Mrs. May has said Chancellor Philip Hammond, Foreign Secretary Boris Johnson, Home Secretary Amber Rudd, Brexit Secretary David Davis and Defence Secretary Sir Michael Fallon - five favorites to replace her as leader - will keep their jobs.  She has no choice.  With the loss of seats, her party is too weak to get rid of them and be sure to replace them with other members of her party.

The Labour Party, a far left party the American Democrats are more akin to, took many of the seats lost by the Conservative Party.

Mrs. May was the one who called this snap election, an early version of what would have been a general election in 2020, because she believed her party was destined to gain a "large" majority.

The polls were wrong, and their judgment of the voting public was wrong.  They had the same thoughts the Hillary Clinton cartel had, positive she was a shoe-in, and surprised when things went the other way.

I suppose it is another way of saying, "Things aren't always what they seem."

She was apologetic for her haste.  "I am sorry for those candidates and hard-working party workers who weren't successful but also particularly sorry for those colleagues who were MPs or ministers who had contributed so much to our country and who lost their seats and didn't deserve to lose their seats."

Brexit has now also become a more difficult river to navigate.  Former Chancellor George Osborne said, "Hard Brexit went in the rubbish bin last night."

Senior MPs such as Sarah Wollaston, Anna Soubry and Nicky Morgan have openly called for Mrs.
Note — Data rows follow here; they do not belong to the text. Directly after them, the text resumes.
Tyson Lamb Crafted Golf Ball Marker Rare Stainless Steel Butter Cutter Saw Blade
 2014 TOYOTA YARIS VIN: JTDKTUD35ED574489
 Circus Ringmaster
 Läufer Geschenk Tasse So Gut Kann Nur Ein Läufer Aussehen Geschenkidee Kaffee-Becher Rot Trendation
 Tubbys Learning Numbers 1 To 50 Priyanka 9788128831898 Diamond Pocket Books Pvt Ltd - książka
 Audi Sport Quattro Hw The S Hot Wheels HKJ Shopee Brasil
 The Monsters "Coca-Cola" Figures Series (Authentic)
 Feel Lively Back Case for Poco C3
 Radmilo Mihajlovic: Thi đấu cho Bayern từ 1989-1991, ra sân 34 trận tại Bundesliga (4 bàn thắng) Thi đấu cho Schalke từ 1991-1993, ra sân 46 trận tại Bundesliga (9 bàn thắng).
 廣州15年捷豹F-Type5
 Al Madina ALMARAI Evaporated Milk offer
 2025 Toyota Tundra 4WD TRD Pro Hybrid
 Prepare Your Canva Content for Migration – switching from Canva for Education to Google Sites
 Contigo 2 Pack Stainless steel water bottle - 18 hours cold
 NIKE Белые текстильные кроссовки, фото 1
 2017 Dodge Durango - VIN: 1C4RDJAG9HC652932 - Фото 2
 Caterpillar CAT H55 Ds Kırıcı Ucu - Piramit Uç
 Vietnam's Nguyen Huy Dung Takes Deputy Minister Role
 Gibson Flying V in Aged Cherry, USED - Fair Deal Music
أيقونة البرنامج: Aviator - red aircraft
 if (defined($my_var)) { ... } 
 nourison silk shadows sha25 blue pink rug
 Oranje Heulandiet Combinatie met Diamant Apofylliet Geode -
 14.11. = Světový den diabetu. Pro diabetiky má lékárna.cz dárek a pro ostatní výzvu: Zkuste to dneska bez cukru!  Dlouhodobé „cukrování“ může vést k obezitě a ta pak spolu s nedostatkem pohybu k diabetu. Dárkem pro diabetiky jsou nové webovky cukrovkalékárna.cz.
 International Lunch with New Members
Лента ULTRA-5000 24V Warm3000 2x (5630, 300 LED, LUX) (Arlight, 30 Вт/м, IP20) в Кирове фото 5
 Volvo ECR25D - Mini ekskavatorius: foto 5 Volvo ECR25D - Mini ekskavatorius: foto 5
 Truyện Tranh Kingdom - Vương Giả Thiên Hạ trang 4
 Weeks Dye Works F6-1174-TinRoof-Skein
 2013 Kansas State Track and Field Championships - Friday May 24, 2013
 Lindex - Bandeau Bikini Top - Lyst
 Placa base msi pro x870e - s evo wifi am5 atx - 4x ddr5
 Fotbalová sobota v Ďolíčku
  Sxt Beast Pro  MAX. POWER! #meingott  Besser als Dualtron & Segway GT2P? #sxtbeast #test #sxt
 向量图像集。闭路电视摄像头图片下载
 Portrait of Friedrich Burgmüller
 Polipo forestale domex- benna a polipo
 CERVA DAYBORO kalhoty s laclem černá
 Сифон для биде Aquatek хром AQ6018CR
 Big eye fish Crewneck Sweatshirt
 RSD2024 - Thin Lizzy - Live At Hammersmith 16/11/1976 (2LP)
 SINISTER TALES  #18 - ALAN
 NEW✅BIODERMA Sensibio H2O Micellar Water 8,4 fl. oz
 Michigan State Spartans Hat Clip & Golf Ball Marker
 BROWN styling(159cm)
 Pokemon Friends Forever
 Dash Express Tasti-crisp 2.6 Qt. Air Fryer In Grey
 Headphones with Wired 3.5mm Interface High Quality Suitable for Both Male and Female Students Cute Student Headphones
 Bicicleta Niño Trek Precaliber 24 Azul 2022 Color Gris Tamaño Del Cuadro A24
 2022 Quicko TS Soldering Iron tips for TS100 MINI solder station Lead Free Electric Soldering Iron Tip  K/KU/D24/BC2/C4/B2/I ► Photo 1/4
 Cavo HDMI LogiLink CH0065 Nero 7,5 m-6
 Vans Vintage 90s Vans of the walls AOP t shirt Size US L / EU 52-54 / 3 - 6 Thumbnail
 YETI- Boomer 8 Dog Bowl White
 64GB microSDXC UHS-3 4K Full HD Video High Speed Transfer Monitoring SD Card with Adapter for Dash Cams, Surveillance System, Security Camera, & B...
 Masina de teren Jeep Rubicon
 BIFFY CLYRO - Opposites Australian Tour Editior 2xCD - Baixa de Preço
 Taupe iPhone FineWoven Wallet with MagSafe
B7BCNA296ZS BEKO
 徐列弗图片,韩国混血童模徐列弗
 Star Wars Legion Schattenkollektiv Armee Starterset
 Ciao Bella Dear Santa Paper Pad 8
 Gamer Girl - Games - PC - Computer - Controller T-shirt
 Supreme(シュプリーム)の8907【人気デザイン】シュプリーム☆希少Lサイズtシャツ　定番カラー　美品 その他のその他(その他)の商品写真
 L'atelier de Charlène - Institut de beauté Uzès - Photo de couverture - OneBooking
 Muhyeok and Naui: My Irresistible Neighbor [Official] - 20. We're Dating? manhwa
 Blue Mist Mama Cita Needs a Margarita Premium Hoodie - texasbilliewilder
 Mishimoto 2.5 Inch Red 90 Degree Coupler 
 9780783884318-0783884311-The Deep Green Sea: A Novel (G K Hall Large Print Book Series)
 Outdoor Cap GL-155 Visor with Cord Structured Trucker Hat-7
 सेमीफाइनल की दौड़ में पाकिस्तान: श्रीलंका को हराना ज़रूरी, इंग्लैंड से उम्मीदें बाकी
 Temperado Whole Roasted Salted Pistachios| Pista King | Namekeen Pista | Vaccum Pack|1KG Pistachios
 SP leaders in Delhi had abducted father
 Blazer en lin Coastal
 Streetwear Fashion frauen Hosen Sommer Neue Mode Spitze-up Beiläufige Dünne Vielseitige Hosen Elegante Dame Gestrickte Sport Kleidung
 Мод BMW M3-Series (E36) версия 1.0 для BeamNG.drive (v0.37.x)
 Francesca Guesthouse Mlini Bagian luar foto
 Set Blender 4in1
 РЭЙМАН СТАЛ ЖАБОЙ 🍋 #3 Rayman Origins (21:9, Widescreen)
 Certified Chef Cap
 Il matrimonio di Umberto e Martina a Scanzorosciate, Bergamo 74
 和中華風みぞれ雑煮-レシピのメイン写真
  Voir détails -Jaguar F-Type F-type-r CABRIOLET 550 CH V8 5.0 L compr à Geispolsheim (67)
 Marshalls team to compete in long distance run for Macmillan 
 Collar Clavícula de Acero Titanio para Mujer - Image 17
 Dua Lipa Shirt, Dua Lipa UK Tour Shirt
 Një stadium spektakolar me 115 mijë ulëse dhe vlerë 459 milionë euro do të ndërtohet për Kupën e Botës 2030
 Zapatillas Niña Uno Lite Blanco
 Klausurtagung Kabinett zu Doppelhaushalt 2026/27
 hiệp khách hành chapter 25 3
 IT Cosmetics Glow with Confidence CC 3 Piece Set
May to step aside - with the latter suggesting she should go within 'weeks or months' because her credibility is shot.

One senior Tory MP (Tory is another named used by the British to describe the Conservative Party; an old party in British History; the Tory nickname is an old Irish Gaelic word tóraidhe, meaning outlaw) told ITV News: "We all f***ing hate her. But there is nothing we can do. She has totally f***ed us."

Any hope May has of hanging on to her position relies on a possible alliance with a small band of Northern Ireland unionists in Parliament.

New meetings will also help determine if she stays in power, including one where she will need to explain to her angry allies how she lost a 20 point lead to lead them to a electoral disaster.  That said, the Scottish National party lost big, as well, sending a message to those willing to break up the union of kingdoms, even though many saw the Labour Party gains as a sign Hard Brexit was in danger.

Even her own party could oust her.  Under the rules of the Conservative Party, if 15% of Conservative MPs send a letter to the Graham Brady, chairman of ‘the 22’, demanding she goes then a vote will be called, and then she could be ousted as their leader.

This means just 48 MPs would be able to trigger a vote of no confidence and potentially remove May from the Prime Minister position.

There is another way, too, that could jeopardize her position.  May also needs to get the Queen's speech passed at the end of June.  The Queen's speech is her party's legislative plan and requires a vote of confidence for the administration.  If there is not enough support for the legislative plan, the next party in line is invited to offer their list of bills they would like to pass.  If the Queen's speech fails to garner enough support, the PM has to resign and Mr. Corbyn would be invited to form a government and try to become the new Prime Minister.

The madness also has Nigel Farage talking about running the UKIP again.

In short, chaos, with a blurring vision of what may be in the future for Great Britain, is at hand.